Excerpted data
★ ★ ★ ★ ★
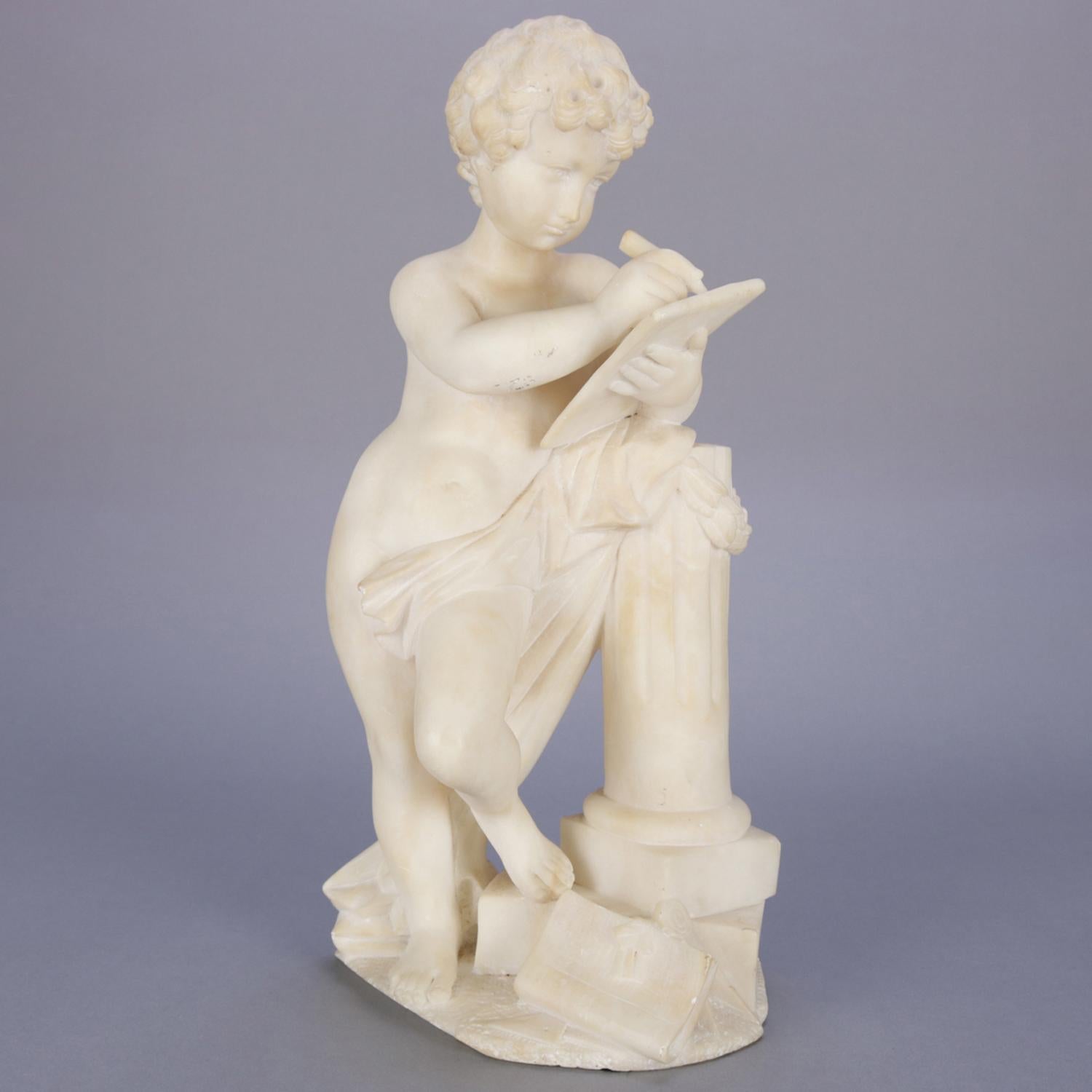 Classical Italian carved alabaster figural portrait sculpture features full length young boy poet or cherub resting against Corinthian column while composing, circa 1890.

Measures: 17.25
★ ★ ★ ★ ★
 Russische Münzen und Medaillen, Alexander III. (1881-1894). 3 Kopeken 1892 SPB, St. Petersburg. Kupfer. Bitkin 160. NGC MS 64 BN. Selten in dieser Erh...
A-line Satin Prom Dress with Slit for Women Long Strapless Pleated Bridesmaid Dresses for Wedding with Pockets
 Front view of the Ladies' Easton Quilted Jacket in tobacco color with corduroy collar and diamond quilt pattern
★ ★ ★ ★ ★
Task
Which lines of the data above contain "with"? Copy each one.

Response to this exercise
A-line Satin Prom Dress with Slit for Women Long Strapless Pleated Bridesmaid Dresses for Wedding with Pockets
 Front view of the Ladies' Easton Quilted Jacket in tobacco color with corduroy collar and diamond quilt pattern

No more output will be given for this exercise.